TASK: What you return should be the full listing, word for word, without a single image.

━━━━━ DATA EXTRACT ━━━━━

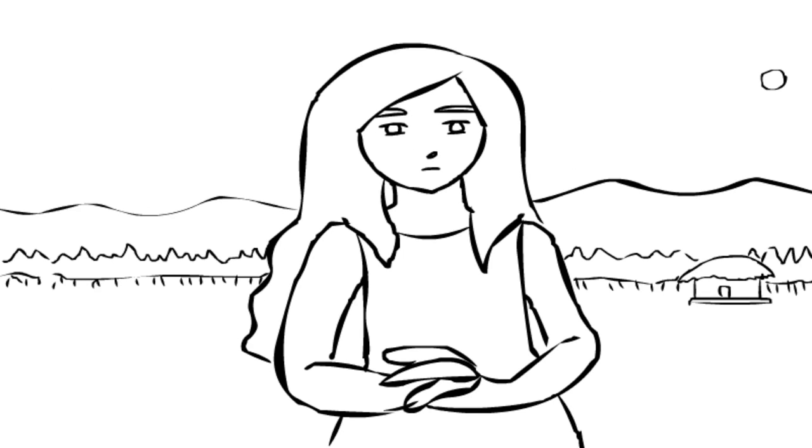I started thinking about the boy. Whether it was all a dream. I didn't even ask him his name.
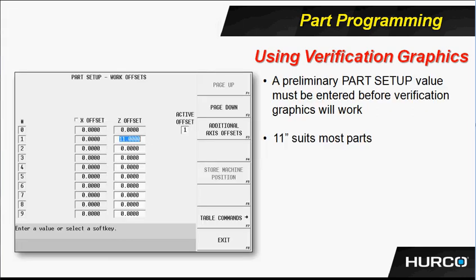Now, to use the verification graphics, when you create a brand new program, you're going to get a work offset or a part setup for Z of zero. That means, as we talked about in the part setup screen description, that there's no distance from the face of the spindle nose, which is the back of the chuck, out to the part. Well, the control knows that if you are trying to turn something negative into the headstock from that location, it cannot do that and you're going to get an alarm. So you have to put some arbitrary value in the Z offset just to get graphics to run.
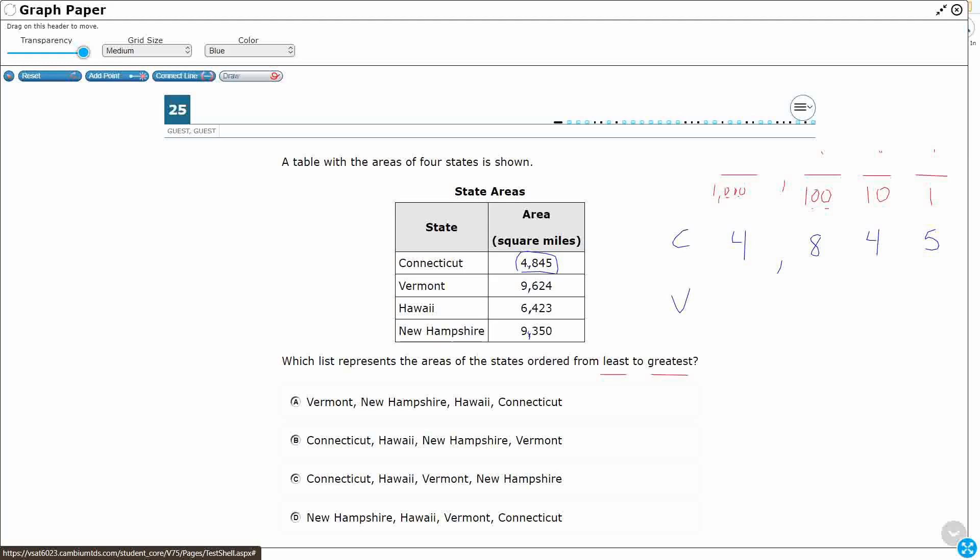Same with Vermont. We have nine thousands, six hundreds, two tens, and four ones. Hawaii, we've got six thousands, four hundreds, two tens, that's like a 20, three ones.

━━━━━

EXERCISE OUTPUT:
I started thinking about the boy. Whether it was all a dream. I didn't even ask him his name.
Now, to use the verification graphics, when you create a brand new program, you're going to get a work offset or a part setup for Z of zero. That means, as we talked about in the part setup screen description, that there's no distance from the face of the spindle nose, which is the back of the chuck, out to the part. Well, the control knows that if you are trying to turn something negative into the headstock from that location, it cannot do that and you're going to get an alarm. So you have to put some arbitrary value in the Z offset just to get graphics to run.
Same with Vermont. We have nine thousands, six hundreds, two tens, and four ones. Hawaii, we've got six thousands, four hundreds, two tens, that's like a 20, three ones.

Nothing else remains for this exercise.